Sunday, June 12, 2011

Budgets, yours and the government's

(Prime Directive) The government can't go broke.

The country went off the gold standard in 1971!!!! And what is strange is everyone acts as if we are still on that standard. The mind set, certainly in the general population, remains fixed on the idea that a federal budget and home budget work the same way.

They do not. In fact many of the concepts that we have for home, corporate, or state budgets either don't apply or are reversed for a government running on a fiat currency.

For example: Your budget requires obtaining something of value to trade for products or services you want. You need to get cash to spend. The government, on the other hand, needs to create something of value to provide for an economy and to control the economy. That control is supposed to be for the overall benefit of the citizens for whom the government (presumably) works. The government must create a currency and, somehow, give that currency value. If the government has the power to tax and define the currency that tax must be paid in, it must use that power to give its currency value. In fact that is the only way the government has to give value to its currency.

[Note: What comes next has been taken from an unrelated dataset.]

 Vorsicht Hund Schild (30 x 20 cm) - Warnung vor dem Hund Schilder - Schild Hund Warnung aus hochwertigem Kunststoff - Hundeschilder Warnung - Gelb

This, of course, leads to the first difference in your budget and the government's; you must earn, borrow, or somehow acquire money to pay your taxes. But the government must spend money (and run a deficit) in order for there to be money to tax. But note well!!! The government does not have to borrow any money; not a farthing, nothing. The government neither has nor doesn't have money.

What about the tax money it gets? An entry is made that you paid your taxes - and that's it. It doesn't go into a tin box somewhere, it simply disappears. The government doesn't require any taxes to pay for a government purchase of goods or services. It doesn't even have to bother printing currency most of the time, it simply makes entries in its score card, its spread sheet.

If there is too much money and too little goods and services, i.e. more demand that supply, then raising the taxes will drain the excess and lower the demand. The government can control where growth is simply by where it spends (where we tell it to?) and what it taxes. Tax automobiles by weight, say 10 cents a pound per year. No complicated fuel consumption rules. Just that alone will drop fuel consumption in this country dramatically. Tax income above, say $300,000, at 90% and down $200,000 at 10%. How much of the population (and industry) would benefit?

There is a lot of fine structure that is built from this concept, but the sad thing is that a grasp of just this simple model is all the is really necessary to conclude that the public is being badly served. Whether it is through ignorance or chicanery is hard to tell, but if the general public should ever figure this out and realize that the economy can easily be configured to provide a descent life for everyone but has been structured to enrich a few on the backs of the general population, there should be hell to pay.

Notice, I did suggest the government didn't need to borrow anything. A little secret (shhhhh: It never has to). Why it does will be discussed during news at eleven. (I mean in another blog.) It makes sense but not to acquire money.


egb said...

"The government, on the other hand, needs to create something of value to provide for an economy and to control the economy."
Where did you get that idea? I can't find it in the constitution or Bill of Rights.

egb said...

"But the government must spend money (and run a deficit) in order for there to be money to tax"
I think you have cause and effect confused. There was lots of money in America before Government spent big bucks. Before Income Tax, America's economy grew faster than any nation in history.

egb said...

" It makes sense but not to acquire money."
Does that mean people should not save or the Government should not save?